Me mira condescendientemente y finalmente dice: "Prefería tu primera respuesta. Me gusta. Lo otro creo que me decepcionaría. No quiero experimentar una ilusión para luego despertar y darme cuenta una vez más, que me acosté en un lecho de mentiras."
El silencio entra de puntillas y se sienta entre nosotros. Me recodo en él. No se como replicar a su último comentario. Ahueca el cojín y se gira sobre si misma, dándome la espalda, con la intención de dormir. Permanezco callado, pensando en su última frase. La miro. No se mueve. Ya no se oye nada, salvo el tenue engranaje mecánico de un reloj proveniente del comedor.
Ahora duerme aquí, a mi lado, pero pocas horas antes no era más que una figura casi etérea.
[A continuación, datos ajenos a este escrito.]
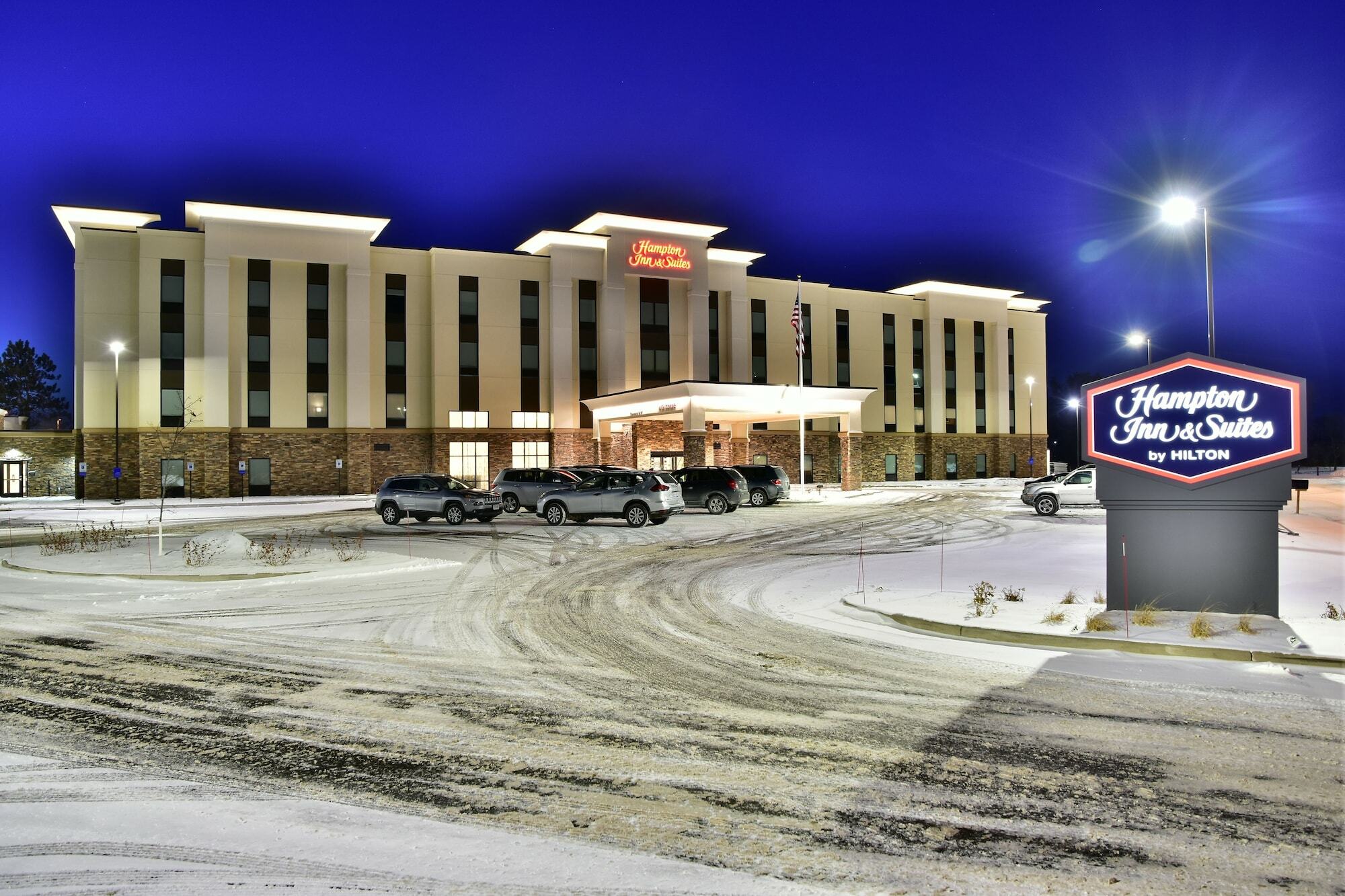 Hampton Inn&Suites Menomonie-UW Stout Extérieur photo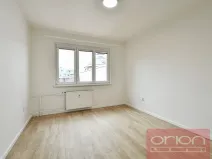 Pronájem bytu 2+1, Praha - Veleslavín, Na Petřinách, 52 m2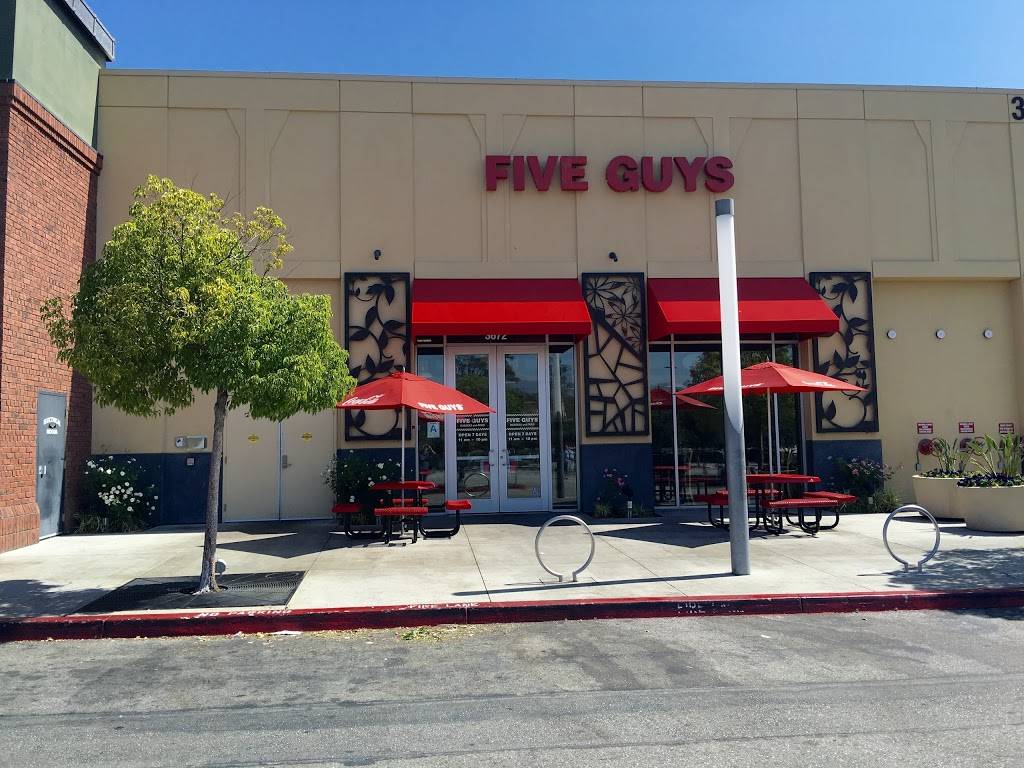 Five Guys | meal takeaway | 24201 W, Valencia Blvd #3672, Valencia, CA 91355, USA | 6612550981 OR +1 661-255-0981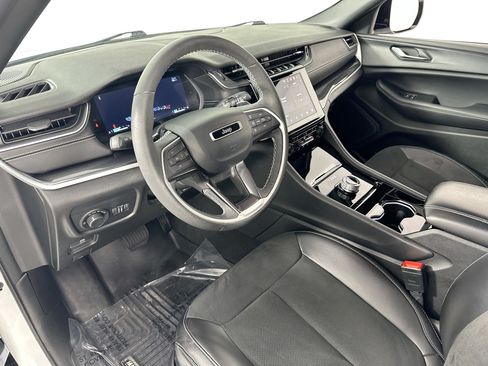 Used 2023 Jeep Grand Cherokee Altitude AWD/4WD image 9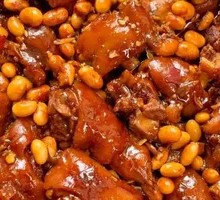 Pig Trotter Stewed with Yellow Beans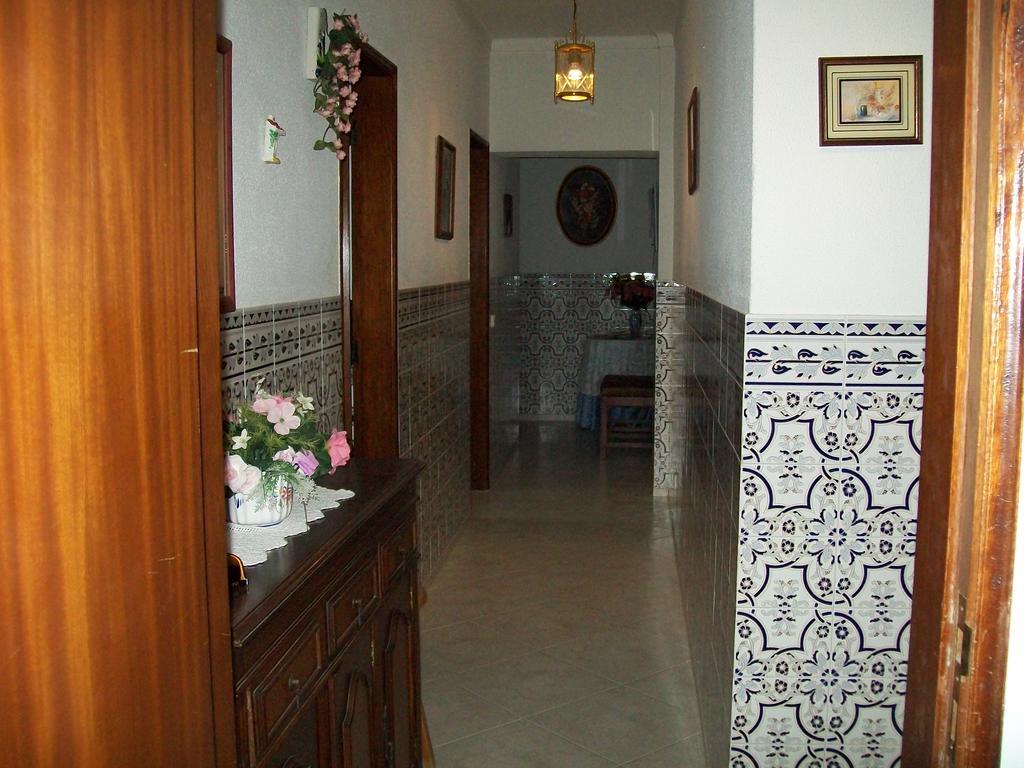 Pacheco'S Guesthouse Lagos Bagian luar foto
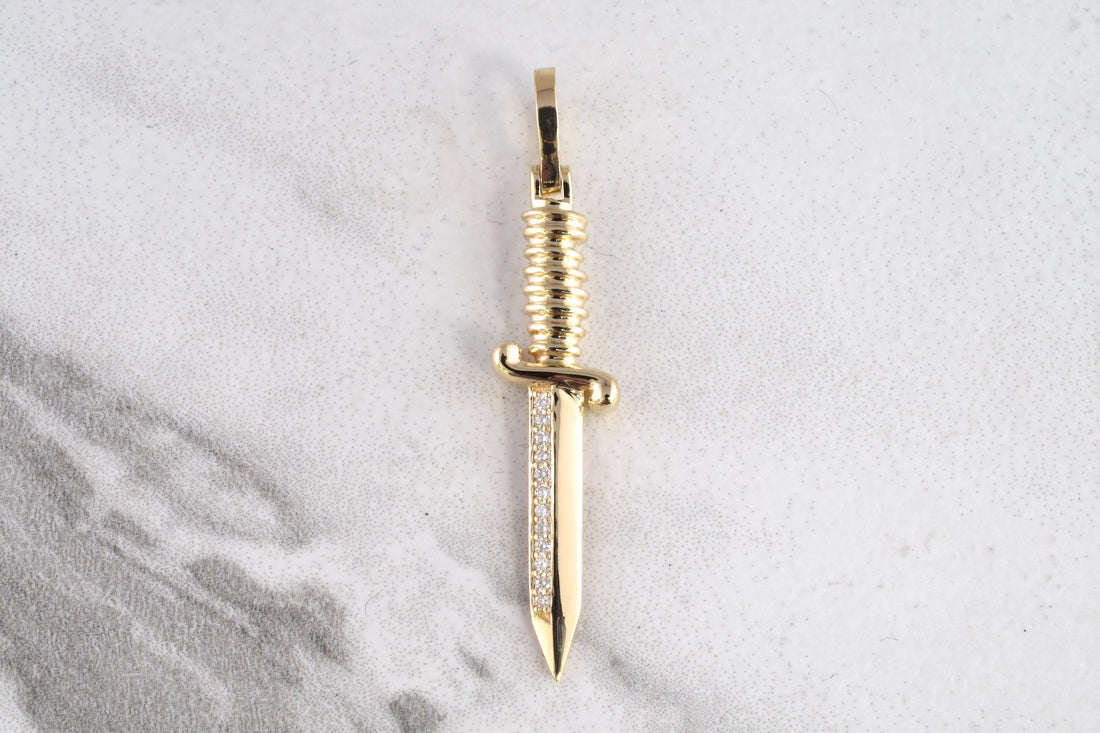 Issa Dagger Pendant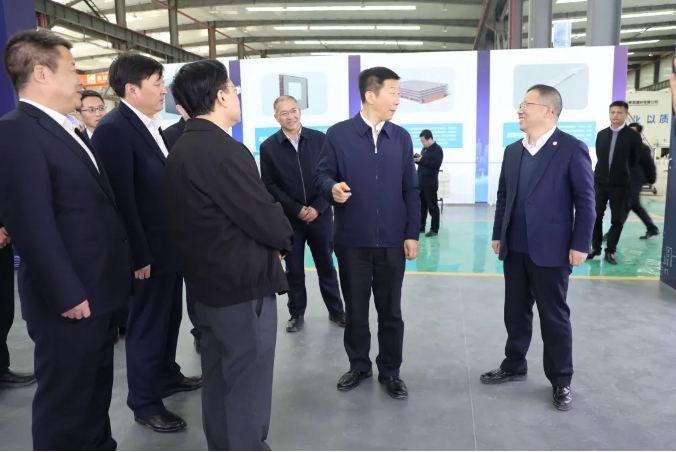 陜西省委常委、延安市委...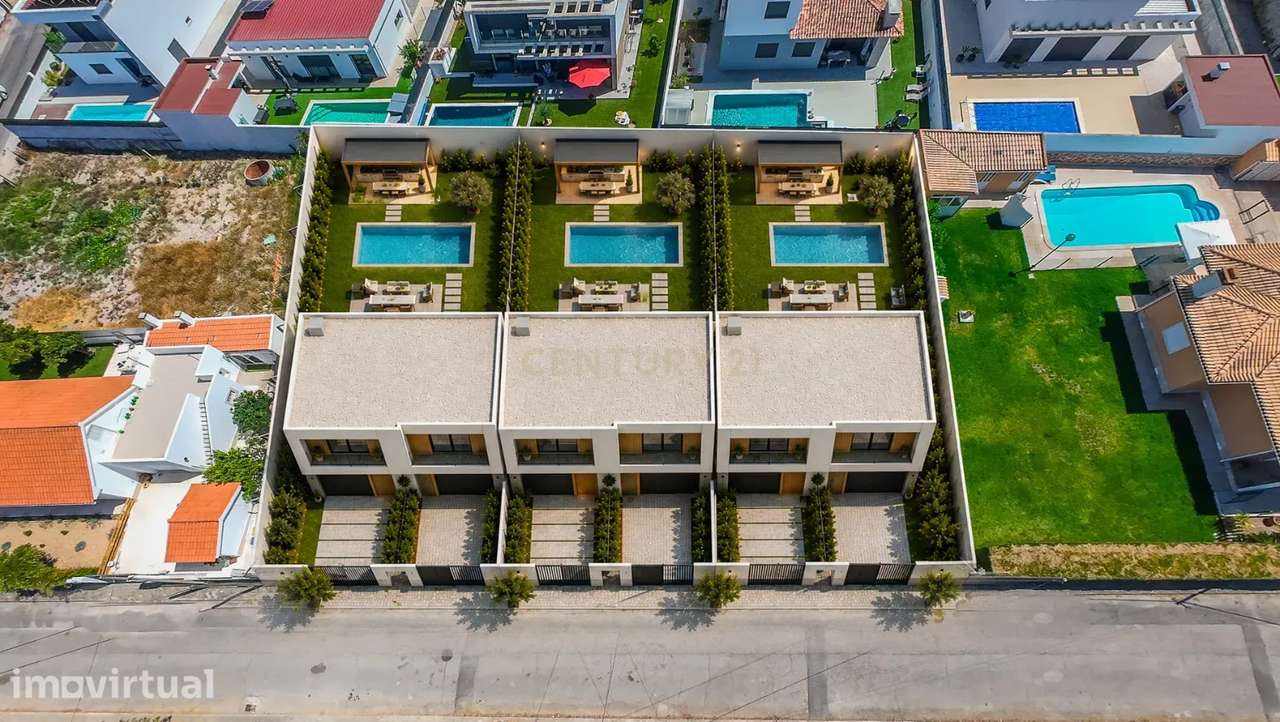Moradia para Remodelação com 1.332 m² de Terreno – Potencial para Dest - Grande imagem: 4/41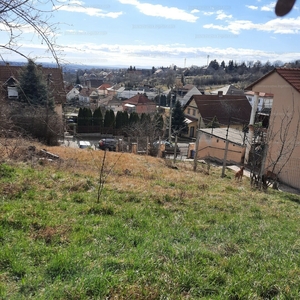 Eladó lakóövezeti telek - Pécs, Szabolcsfalu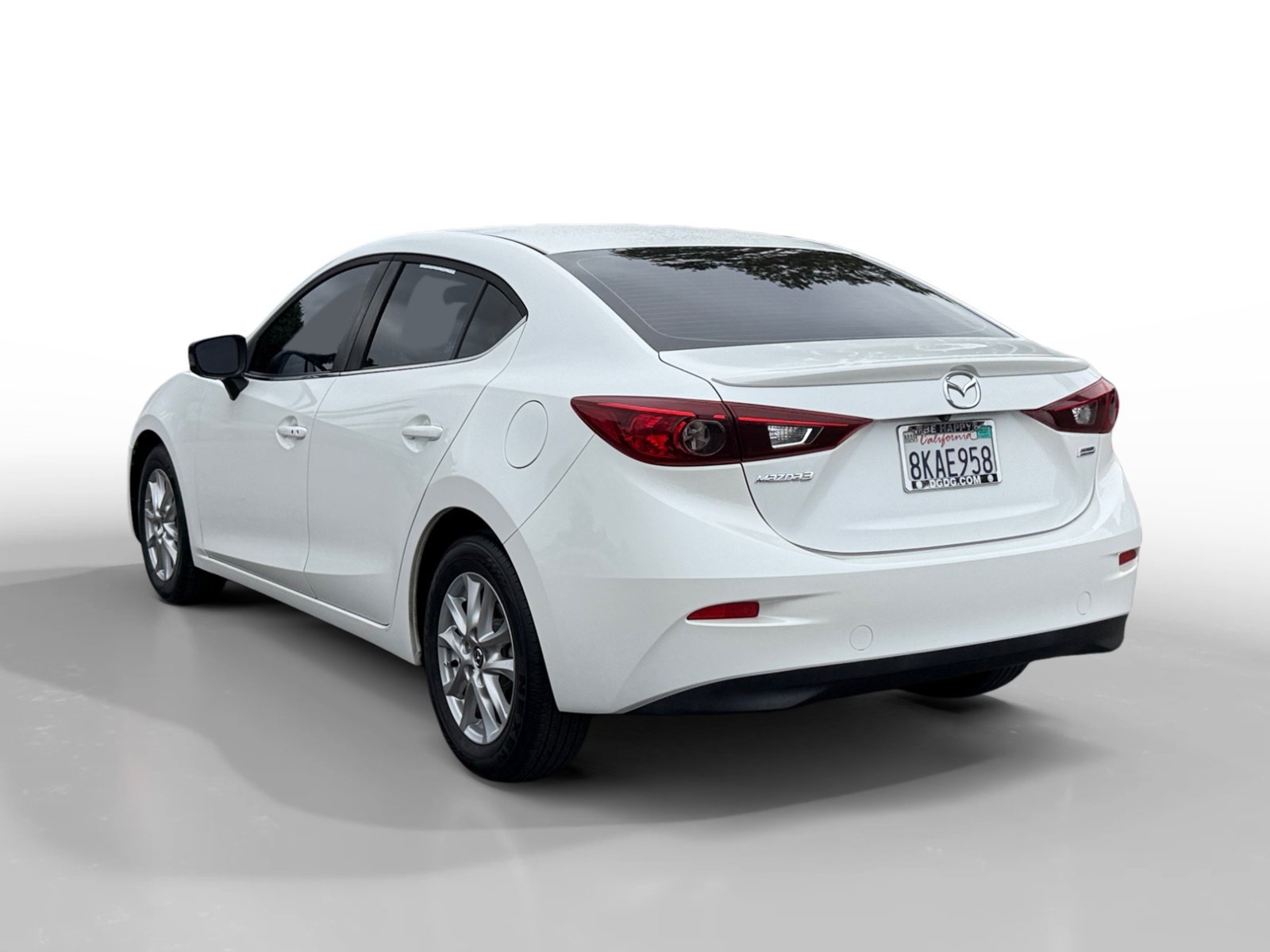 Used 2016 Snowflake White Pearl Mazda i Touring image 3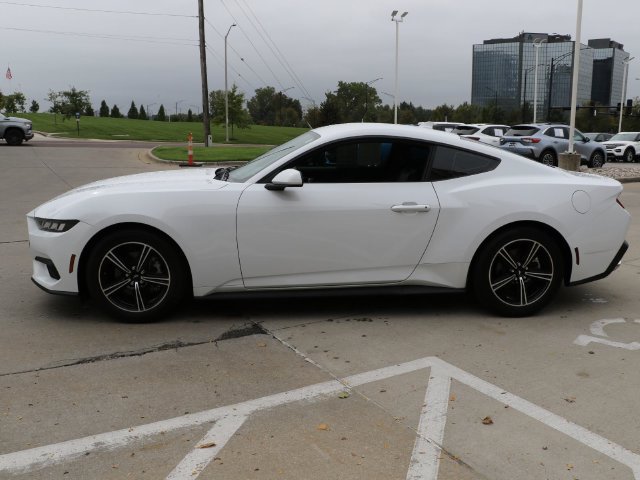 Certified 2024 Ford Mustang Coupe RWD image 4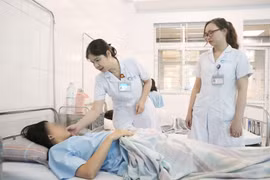 Cứu sống người phụ nữ sốc mất máu do thai ngoài tử cung vỡ khi đi du lịch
La silueta de una chica sentada de cara al mar. Tiene el pelo largo y claro que se recoge en una coleta desordenada pero en la cual se concentra una gran belleza. Frente a ella, el reflejo oscilante de las luces de la ciudad, en una parcela de mar encarcelado. De fondo, las voces distantes de unos transeúntes que van vaciando las calles. Cautivado por la imagen me siento junto a ella. Sin mediar palabra, me acaricia los ojos, y me niega la vista. Me estrecha contra ella y me habla con su lengua. Me ama, me anestesia y me lleva dentro de ella a su casa. Ascendemos un escalón tras otro. Cientos de escalones, y al final llegamos a la azotea. Pasamos la noche entre sus sábanas, sus piernas, bajo mi cuerpo. Luego la pregunta, "¿por qué te has acercado a mí?" Y al rato el mutismo en el que sigo envuelto. Tic-tac, tic-tac, el ritmo del reloj es invariable.
Me acerco un poco más a ella, hasta percibir el calor que desprende su cuerpo. Miro detalladamente la mano que descansa sobre la almohada. Una mano poco femenina, de uñas poco cuidadas, algunas de ellas sucias. Los dedos manchados, como si hubiese estado pintando. Todo y así, desearía que esa mano se posase sobre mí. Pero eso no sucede, y el insomnio se vuelve insufrible. Decido levantarme con cuidado del colchón. Me apetece fumarme un cigarrillo. Busco entre los bolsillos de mi pantalón el paquete de tabaco y salgo cautelosamente de la habitación.
El apartamento no es más que un antiguo palomar reconvertido. En el suelo del comedor y alguna de sus paredes están representadas algunas figuras antropomórficas. Siluetas humanas dibujadas, en lo que parecen diferentes colores que no llego a distinguir correctamente por la falta de luz. Me dirijo a la cocina, allí encontraré algo con lo cual poder encender el cigarrillo. Aquí están. En el primer cajón, junto a los fogones, una cajetilla de cerillas. El raspado previo, el chispazo, y el consiguiente chisporroteo de la llama, acompañado del olor del fósforo consumiéndose que satura el ambiente. Aspiro fuerte, para apropiarme de aquel instante. Tengo enfrente, sobre la cocina, el reloj de pared regulando el paso del tiempo. Lo miro detenidamente. A medida que el tabaco se va consumiendo el segundero va avanzando.
Aquella tarde había quedado con mi ex-mujer en una plaza. Cuando llegué al punto de encuentro, ella ya estaba allí, consumida, más flaca que de costumbre. Estuvimos un rato hablando, de pie en la calle, hasta que el frío nos caló, y al final decidimos refugiarnos en una cafetería. Para seguir allí hablando de asuntos que no tenían nada que ver ni con ella, ni conmigo. Me preocupó su delgadez, la última vez que la había visto así fue cuando estuvo enferma y tuvo que guardar cama un par de semanas. Entonces vivíamos juntos y pude cuidar de ella. Temo que vuelva a descuidar sus comidas, y a recluirse en casa. Puedo oír a sus compañeros recriminándome, hablando de mí como si yo fuese el responsable de su deteriorada salud. Me sentó mal el encuentro con ella, y al despedirnos me dirigí a un bar. Necesitaba beber algo, y sobre todo ver gente. Voy pensando en nuestro encuentro y los hechos que le siguieron, hasta que las cenizas del cigarro caen sobre mi pie desnudo y me devuelven al presente. Ya no se oye nada, el silencio que precede al despertar de la ciudad. Las primeras luces del día entran por la ventana y se escucha el graznido cínico de alguna gaviota.
En la habitación la cama está vacía, y en la pared, junto al lecho aparece dibujada en unos sencillos trazos la silueta de una chica sentada de espaldas. La puerta del lavabo se abre y entre el claro oscuro de la habitación aparece la delgada silueta de una mujer desnuda.